Articles variés

Initiative transatlantique : Rohatyn courtise les maires européens

samedi 24 novembre 2007

Cet article a été publié dans le bi-mensuel Nouvelle Solidarité du 28 juillet 2006.

par Elke Fimmen

Depuis au moins 1999, Felix Rohatyn, de la banque Lazard, travaille à l’organisation d’un forum pour les maires de différentes villes du monde triées sur le volet. Son objectif : les convaincre que la mondialisation est inéluctable et qu’ils feraient mieux d’apprendre à vivre avec. Un aspect essentiel de cet effort consiste à leur vendre l’idée selon laquelle la privatisation de larges pans de l’infrastructure urbaine, financée par l’argent des contribuables, offre une solution à leurs problèmes financiers.

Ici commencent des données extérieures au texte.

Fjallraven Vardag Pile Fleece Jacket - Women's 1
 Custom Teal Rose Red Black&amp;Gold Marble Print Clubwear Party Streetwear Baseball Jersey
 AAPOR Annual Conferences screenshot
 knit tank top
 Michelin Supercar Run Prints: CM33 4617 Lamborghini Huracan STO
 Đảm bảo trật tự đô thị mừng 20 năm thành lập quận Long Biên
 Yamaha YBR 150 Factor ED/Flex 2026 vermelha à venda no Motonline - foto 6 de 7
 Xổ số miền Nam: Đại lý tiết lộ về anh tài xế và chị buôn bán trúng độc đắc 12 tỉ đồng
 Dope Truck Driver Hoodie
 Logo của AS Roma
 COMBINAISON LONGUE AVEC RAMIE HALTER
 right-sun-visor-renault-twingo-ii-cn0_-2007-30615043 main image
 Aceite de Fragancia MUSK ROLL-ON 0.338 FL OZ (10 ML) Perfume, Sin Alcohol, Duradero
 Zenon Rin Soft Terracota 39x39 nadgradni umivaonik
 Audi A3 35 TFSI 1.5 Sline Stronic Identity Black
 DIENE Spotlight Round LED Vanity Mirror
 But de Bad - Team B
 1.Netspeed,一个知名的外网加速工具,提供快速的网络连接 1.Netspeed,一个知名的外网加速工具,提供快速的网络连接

L’autre but de Rohatyn, qu’il partage avec tous les banquiers synarchistes, est le démantèlement des pouvoirs de l’Etat-nation souverain. Cette offensive a été formellement lancée en janvier 1999 par Felix Rohatyn, alors ambassadeur des Etats-Unis en France, lors d’une réunion de la Conférence des maires américains à Washington sur le thème « Les villes, l’Europe et l’économie globale ».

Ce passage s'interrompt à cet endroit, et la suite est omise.